China ‘at war with faith’ says US ambassador at large
US Ambassador at Large for International Religious Freedom Sam Brownback has accused the Chinese Communist Party of being “at war with faith,” and warned that its policies risk stoking extremism.
Speaking at the Foreign Correspondent’s Club in Hong Kong on Friday, the ambassador, a former US senator, said in recent years there had been increasing discrimination against Catholics, Muslims and Tibetan Buddhists across China.
“What does the Chinese Communist Party have to fear from its faithful people? Why can’t it trust its people with the Bible? Why can’t Uyghur children be named Mohammad?

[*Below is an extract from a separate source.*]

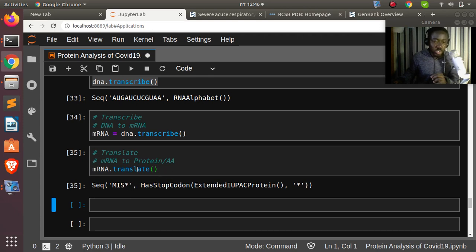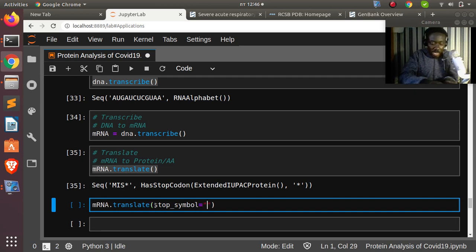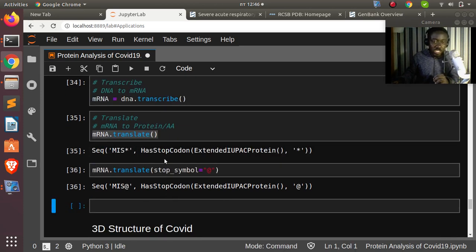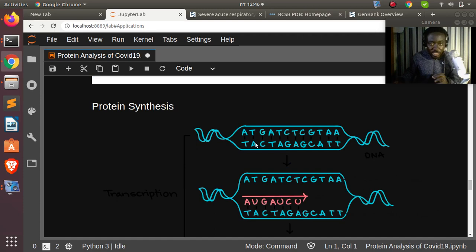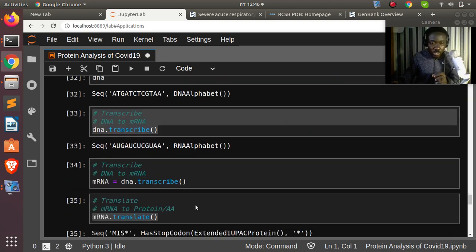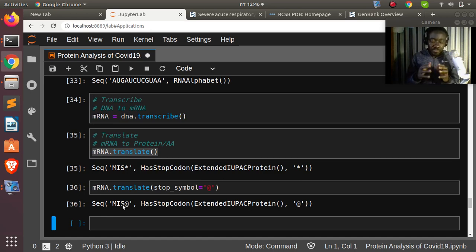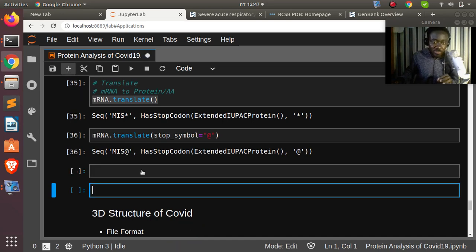You can customize the stop codon symbol by passing stop_symbol='@' (or any character) to translate(). That gives us 'MIS' — methionine, isoleucine, serine — the amino acids from our sequence. So we have converted a simple DNA through transcription and translation into amino acids.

Why can’t the Tibetans choose and venerate their own religious leaders like they have for more than a thousand years?” Brownback said.
China was registered along with 10 other nations as a “countries of particular concern” by the US in December 2018 under the International Religious Freedom Act, due to “systematic, ongoing (and) egregious violations of religious freedom.”
Brownback’s speech joins a growing tide of international condemnation of Beijing following reports that more than a million Muslim majority Uyghur have been detained by authorities in massive camps in the western region of Xinjiang.
The Chinese government originally denied the existence of the camps but now says they are “vocational training centers” designed to combat Muslim extremism in the province.
But former detainees and human rights activists have offered a different story, one of mass re-education inside the camps, physical torture and death. One former inmate told CNN she saw nine of her fellow detainees die due to the hostile conditions.
Brownback said Friday the detentions of Uyghurs were “arbitrary” and based on their religious practices. “We need to call these camps what they are — they’re internment camps, created to wipe out the cultural and religious identity of minority communities,” he said.
Contrary to China’s claims, Brownback said the inmates are subject to “physical and psychological torture, intense political indoctrination and forced labor.” Rather than solving an extremism crisis as China alleges, “they are creating one,” Brownback said.
The US ambassador at large also raised concerns over the treatment of Tibetan Buddhists by Beijing as well as China’s large Christian community, who have seen growing repression in the past year.
Brownback isn’t alone in condemning the Xinjiang camps. In February, Turkey’s Foreign Ministry prominently denounced the “torture and political brainwashing” in a statement, asking for the UN to intervene.
US Vice President Mike Pence said in October China was involved in “around-the-clock brainwashing” in the centers.
But despite the tough stance, some US lawmakers have claimed the Trump administration isn’t doing enough to stop the abuses in Xinjiang. A bipartisan group of politicians wrote a letter to the US Secretary of State Mike Pompeo calling for “meaningful action.”
When asked by journalists, Brownback said the US administration didn’t “discuss internal matters” about possible action against China over Xinjiang. He said his staff had requested access to the camps and be turned down.
But he said he didn’t want to go to the camps just to “get a show,” he wanted to be able to go inside and talk to the inmates freely.
“I get regularly now, every week, list of names of people that are held in prison in internment camps in Xinjiang from concerned family members. Dozens, hundreds of names from people who are seeking just to know what’s happening with their relatives,” he said.